Il problema del ritardo nei pagamenti è tra gli aspetti più critici per il bilancio aziendale e potenzialmente può portare al fallimento di qualsiasi impresa.
Tornato alla ribalta in queste settimane, purtroppo inasprisce il già difficile clima. Di fatto, esiste un circolo vizioso – che ruota attorno al cosiddetto credit crunch – per il quale una Pmi che produce beni e servizi non può più permettersi di onorare i conti con i propri fornitore ed è quindi costretta a chiudere la produttività.
Se un committente ritarda il pagamento, provoca uno slittamento degli introiti per un periodo di tempo non prevedibile. Se il fenomeno si moltiplica, il trend impedisce alle aziende di pianificare il business e, nella peggiore delle ipotesi, di chiedere ulteriori prestiti per poter andare avanti.

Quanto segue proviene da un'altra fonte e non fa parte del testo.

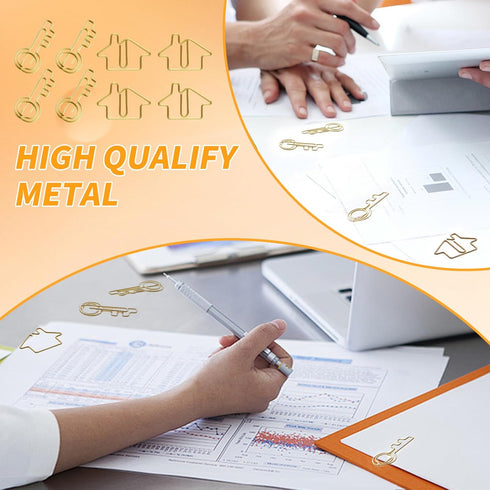 120 Pcs Paper Clips Set, 60 Pcs House Shaped Paper Clips and 60 Pcs Key Shaped Paper Clips for Office, Home, Gifts for Real Estate Agents and Real...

Basti pensare, ad esempio, che nel rapporto con le Pubbliche Amministrazioni è necessario attendere in media 135 giorni per veder salire il conto in banca, con punte che raggiungono i 400 giorni al Sud, mentre la media europea è di 65 giorni.
I non paganti, se così li vogliamo chiamare, sono tuttavia anche le grandi aziende, che spesso attendono il momento giusto per eseguire il saldo con i migliori vantaggi.
Spesso quindi le Pmi sono costrette a rapportarsi con gli istituti di credito, chiedendo ulteriori prestiti. Si evidenzia che, dai calcoli delle banche locali, circa il 40% delle nuove posizioni aperte nell’ultimo mese rappresenta una diversificazione creditizia di Pmi e artigiani che hanno già contratto un fido con altri istituti e che si rivolgono nuovamente alle banche per ottenere nuova liquidità.
A peggiorare la situazione, la tendenza delle banche stesse a richiedere proprio alle Pmi il rientro più rapido e a definire incrementi degli spread. Di fatto è a questo punto che si alimenta il circolo, a causa dell’obbligo indotto per queste Pmi di ritardare i pagamenti.